Templating Enables Rapid Creation of a New System of Care

At the 2019 Healthcare Design Conference + Expo in New Orleans, Louisiana, SmithGroup presented its extensive work developing the Intrepid Spirit Centers, a new network of care within the military health system. The presentation was led by Matthew Reiskin, AIA, LEED AP BD+C, Senior Project Manager and Principal, and Lou Posada, Senior Medical Planner and Principal. They were joined by Dr. Thomas Piazza, retired Air Force Colonel and Director of the Intrepid Spirit Center at Eglin Air Force Base, Florida. This article summarizes insights from that presentation.

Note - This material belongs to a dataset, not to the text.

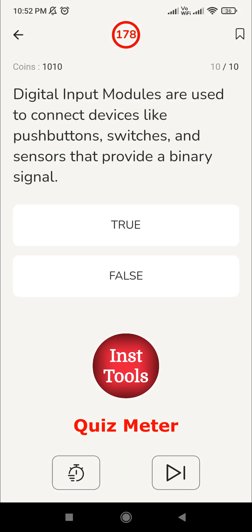The tenth question: 'Digital input modules are used to connect devices like push buttons, switches, and sensors that provide a binary signal.' Digital input modules deal with binary signals, and push buttons, switches, and sensors are all input devices that provide binary signals. So the answer is true.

NICoE Intrepid Spirit Center - Fort Belvoir

Creating a National Network of Care

The hub of this new network is the National Intrepid Center of Excellence (NICoE), built in 2009 at the Walter Reed National Military Medical Center in Bethesda, Maryland. The world's most advanced treatment and research center for traumatic brain injury (TBI) and psychological health, the NICoE became the prototype for 10 satellite clinics that have been built or are planned at military bases around the country. Designed to extend care to the home base of many of the troops suffering the effects of TBI and PTS, these satellites, or Intrepid Spirit Centers (ISC), deploy with a templated design which enables a universal care standard and speed to market. They now function as a new nationwide healthcare system, establishing core mission protocols and conducting synchronized multi-site research and improvements to the rapidly evolving model of TBI care and rehabilitation.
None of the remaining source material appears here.